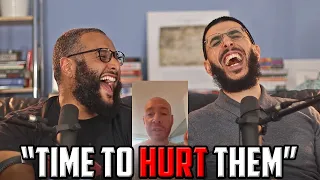 He Wants To Hurt "Anti-Semites" (Reaction)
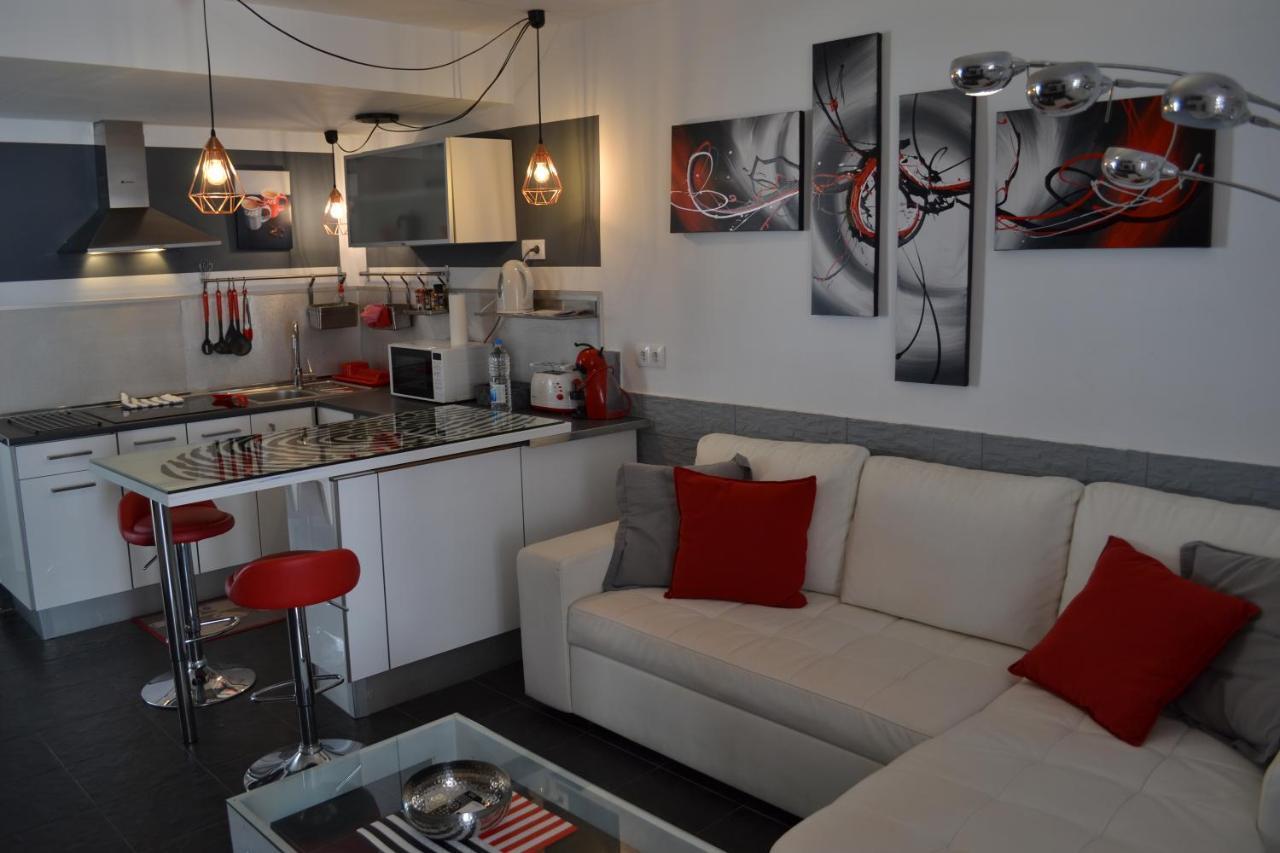 Red Loft Deluxe - Vivienda Vacacional A Playa Del Ingles Apartamento Exterior foto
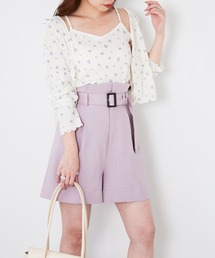 Heather | ハナガラテレコカーデキャミセット　215256(カーディガン/ボレロ)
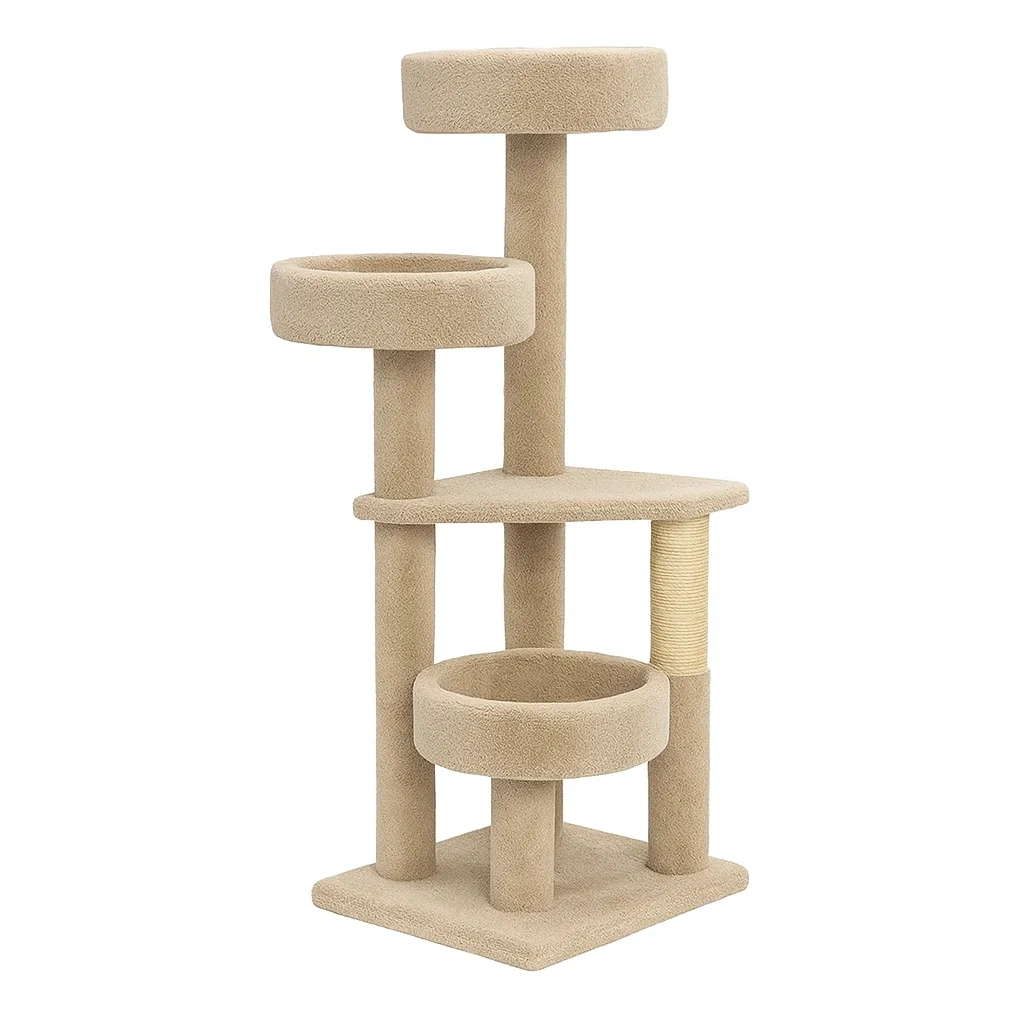 Produit pour animal de compagnie,Arbre à chat - furnimosaic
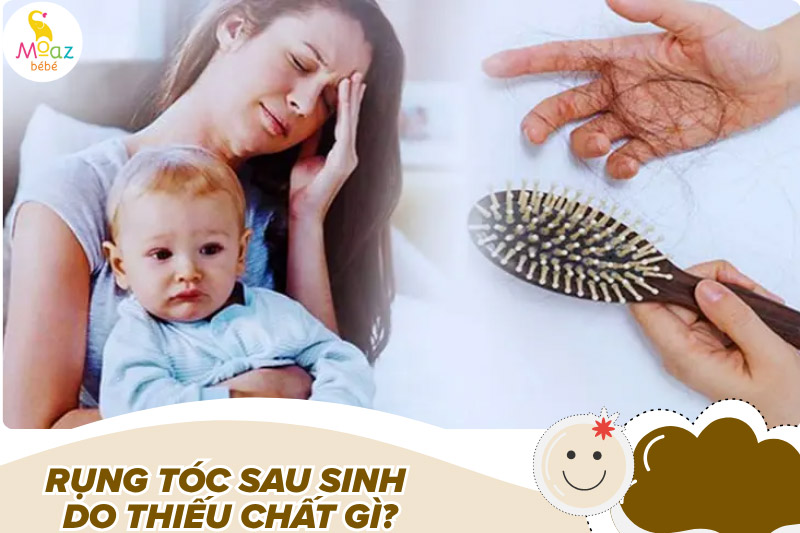 Rụng tóc sau sinh bao lâu thì hết? Cách khắc phục hiệu quả 3 Rụng tóc sau sinh do thiếu chất gì?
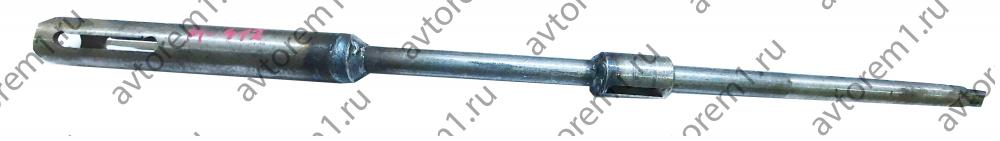Вал рулевой колонки М 2140, 412 новый оригинал...412-3401042-01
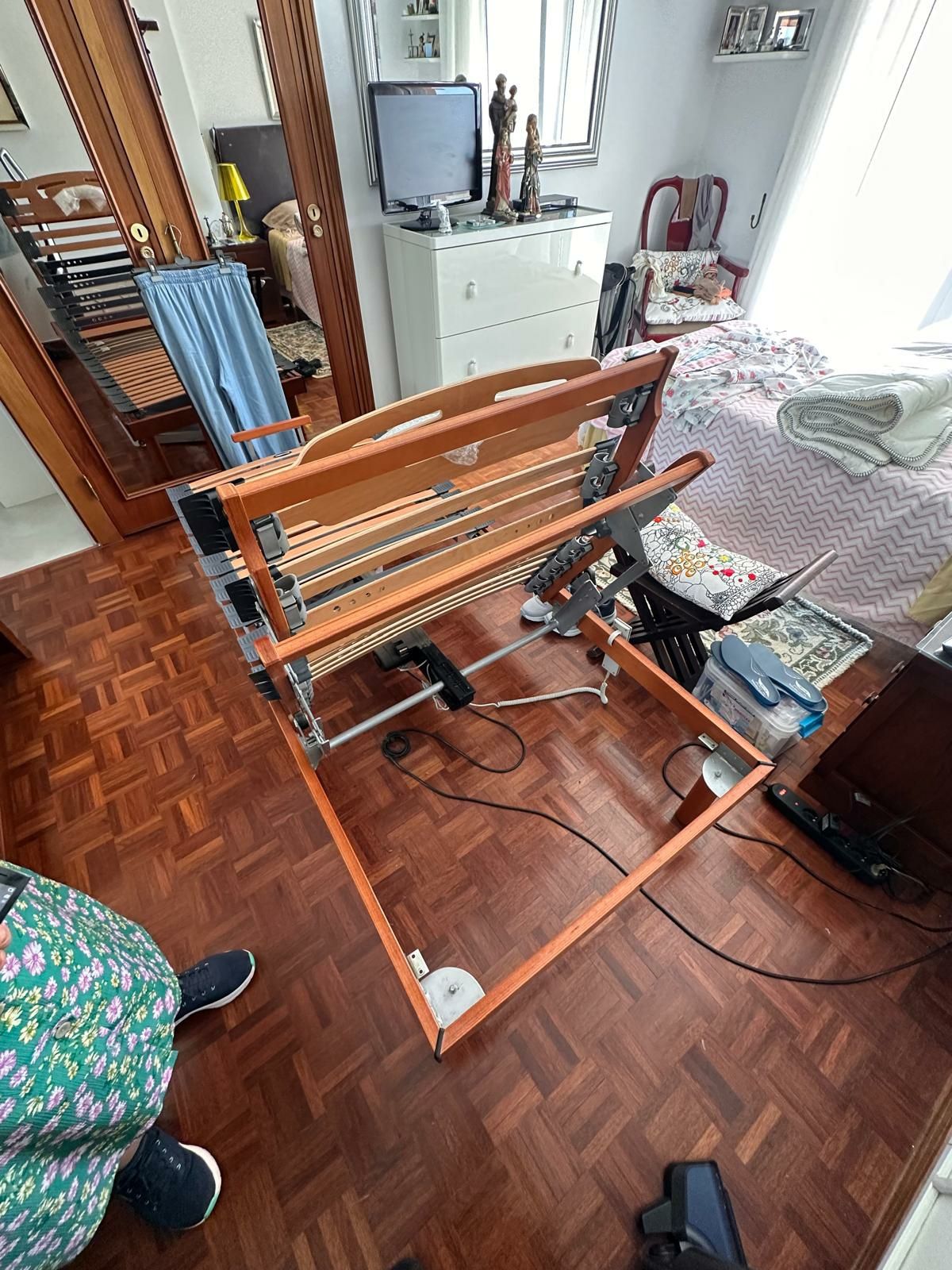 Cama elétrica colchão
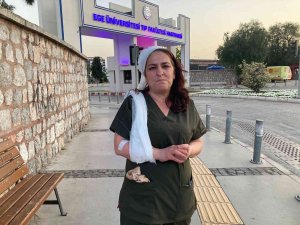 İ̇zmir’de Hastane İçerisinde, Doktordan Doktor Eşine Şiddet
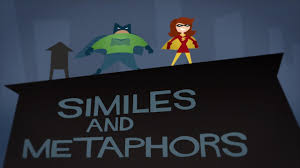 Simile and metaphor are two literary devices that are used in comparison. Similes And Metaphors By The Bazillions Youtube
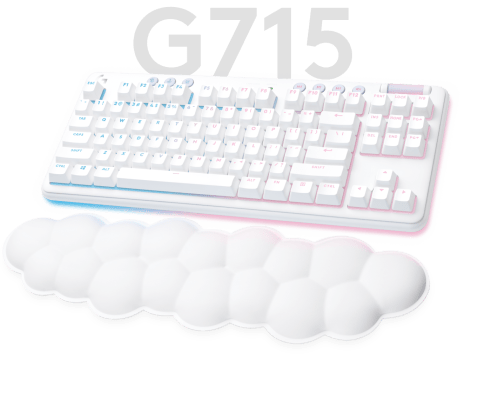 G735ワイヤレス ゲーミング ヘッドセット（Bluetooth対応） | ロジクールG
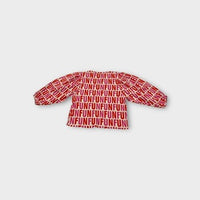 Bobo Choses Fun Top, Size 4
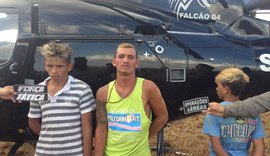 Assaltantes são presos após perseguição em Arapiraca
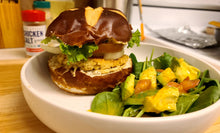 Plant-Based Mediterranean Chick'n Mix, Original Chicken Salt & Turmeric Salt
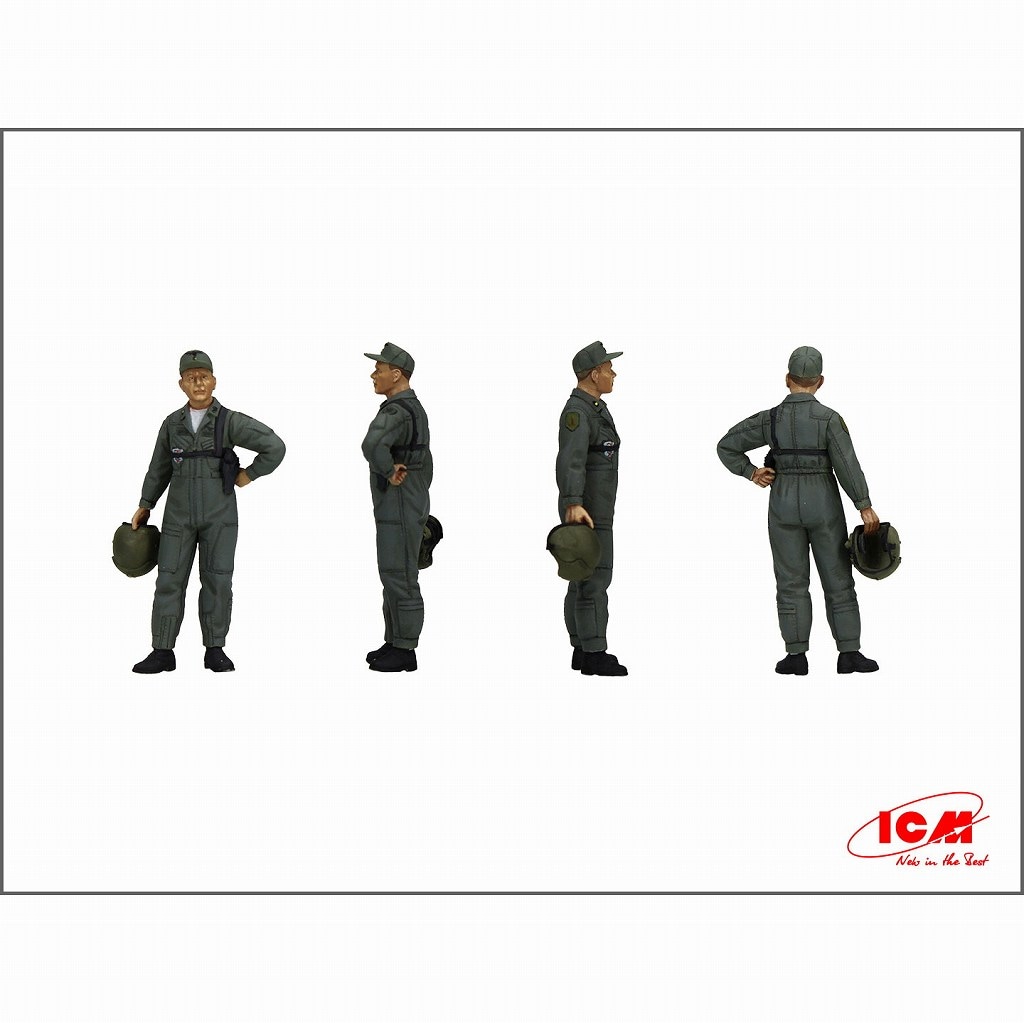 53101 アメリカ軍ヘリコプターパイロット（1960s-1970s） | ICM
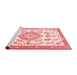 Traditional Red Washable Rugs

--*--

WHAT NEEDS TO BE DONE: Set down again, exactly, every line above from the one with "Heather | ハナガラテレコカーデキャミセット　215256(カーディガン/ボレロ)" down to the one with "İ̇zmir’de Hastane İçerisinde, Doktordan", both ends included. No pictures, and nothing else.

WRITTEN REPLY:
 Heather | ハナガラテレコカーデキャミセット　215256(カーディガン/ボレロ)
 Produit pour animal de compagnie,Arbre à chat - furnimosaic
 Rụng tóc sau sinh bao lâu thì hết? Cách khắc phục hiệu quả 3 Rụng tóc sau sinh do thiếu chất gì?
Вал рулевой колонки М 2140, 412 новый оригинал...412-3401042-01
 Cama elétrica colchão
 İ̇zmir’de Hastane İçerisinde, Doktordan Doktor Eşine Şiddet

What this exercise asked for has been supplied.